There are a few stale branches that still contain v13, but they are quite old (>2y). There are more recent branches where people have experimentally upgraded to v17, but that isn’t in the dependency list. So I somewhat suspect that the dependency list only correlates to the default branch, but that would make it even more odd that it displays multiple results.

I considered maybe the dependency list tracked dependency versions for the default branch plus releases, but these repos have no releases as far as gitlab is concerned.

My main theory is that the dependency list tracks all historical versions from the default branch, but then in that case I’m not sure how to clear it if clearing the runner cache isn’t effective.
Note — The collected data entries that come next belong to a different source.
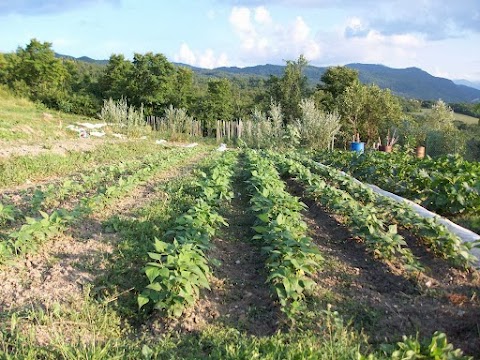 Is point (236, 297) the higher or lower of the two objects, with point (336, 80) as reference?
lower

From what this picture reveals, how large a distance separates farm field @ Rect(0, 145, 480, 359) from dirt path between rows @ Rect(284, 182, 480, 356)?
0.01 meters

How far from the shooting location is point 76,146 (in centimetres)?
1199

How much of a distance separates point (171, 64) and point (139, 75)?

As it stands, this issue is causing a lot of complexity for my query. The theoretical worst case, although admittedly extremely unlikely, would be that it results in dismissing a true positive secret detection vulnerability based on its detecting a false positive on the same line in a different version of the file, e.g.

v 1.0 line 17

17   // don't log your passwords in comments like this: https://username:password\@example.com

v 1.1 line 17

17   // don't log your passwords in comments like I'm doing now: https://myrealusername:myrealpassword\@mydomain.com

Steps to reproduce

Unknown. I am inheriting these projects and their complexities, and have not yet identified the common thread between those that have multiple dependency versions.